The Ann Arbor News, Friday, August 20, 1976
Owens (Left) With Dancers (From Left) Donald Pershay, Cecile Keith And Thom McClain
Concert A Farewell For Lois Owens
BY ZADA BLAYTON Staff Reporter
In zoot suits and 1930s dresses with jagged hemlines.
With black spirituals, popular black music and jazz.
The Trotter House Dance troupe will give its audience this weekend an experience in blackness and creativity as they perform at the Power center today and Saturday at 8 p.m. The title of the concert is “Kuumba”, which means creativity.
And creativity is what black expressionalism is all about, said Lois Smith Owens, manager of the Trotter House. All forms of art probably originated in Africa, said Owens. Works of famous dancers have been based on African music. And original dance formations exist today in contemporary forms, from the hustle to the boo-ga-loo, she said.
Owens said “Kuumba" is to make people understand the beauty and origin of dance. "Making the community more beautiful than we found it." is how Owens foresees the outcome of the concert.

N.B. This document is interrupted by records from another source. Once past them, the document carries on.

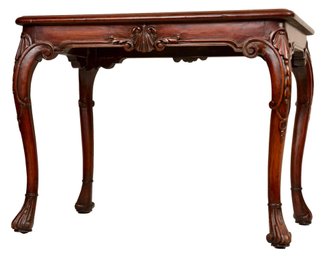 Carved Mahogany Side Table With Center Marquetry Cartouche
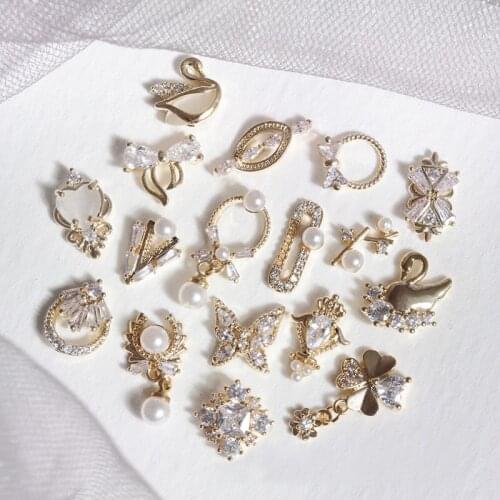 10pcs/lot 3D Swan Bow Love Crown Alloy Nail Art Zircon Pearl Metal Manicure Nails Accesorios Supplies Nail Decorations Charms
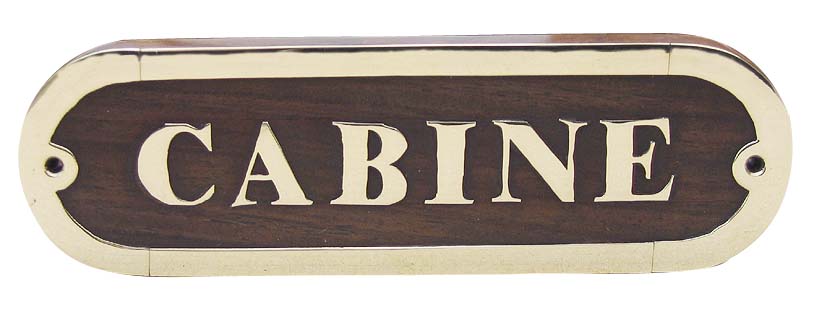 Türschild Holz Cabine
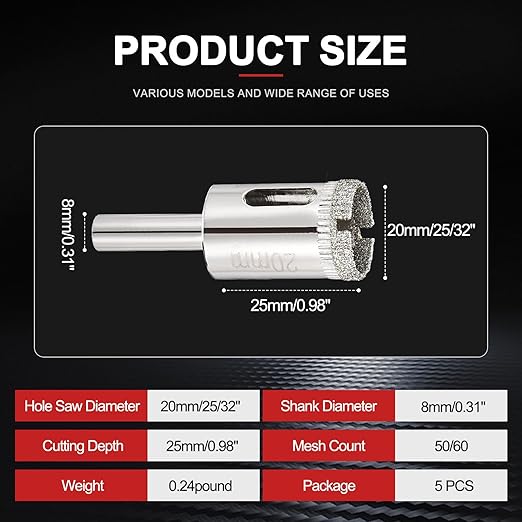 PATIKIL 5pcs 25/32" (20mm) Diamond Hole Saw, Glass Diamond Hole Cutters Hollow Core Drill Bits for Fiberglass, Tile, Porcelain, Ceramic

While U-M student dance concerts are beautiful in their own right, the Trotter House Dance Troupe will not try to emulate their style, said Owens. The performance of the dancers will project towards the audience for education as well as entertainment, she said. Adding that she strongly feels that more and more black people should be brought into the modern dance scene.
Owens said, unlike the typical U-M dance concerts, “Kuumba" will feature movements and music that are "indigenous to us and our problems.” All music in the production will be of black origin and the costumes will relate solely to the black experience, said Owens. Most of the dances in the production have been choreographed by the dancers themselves.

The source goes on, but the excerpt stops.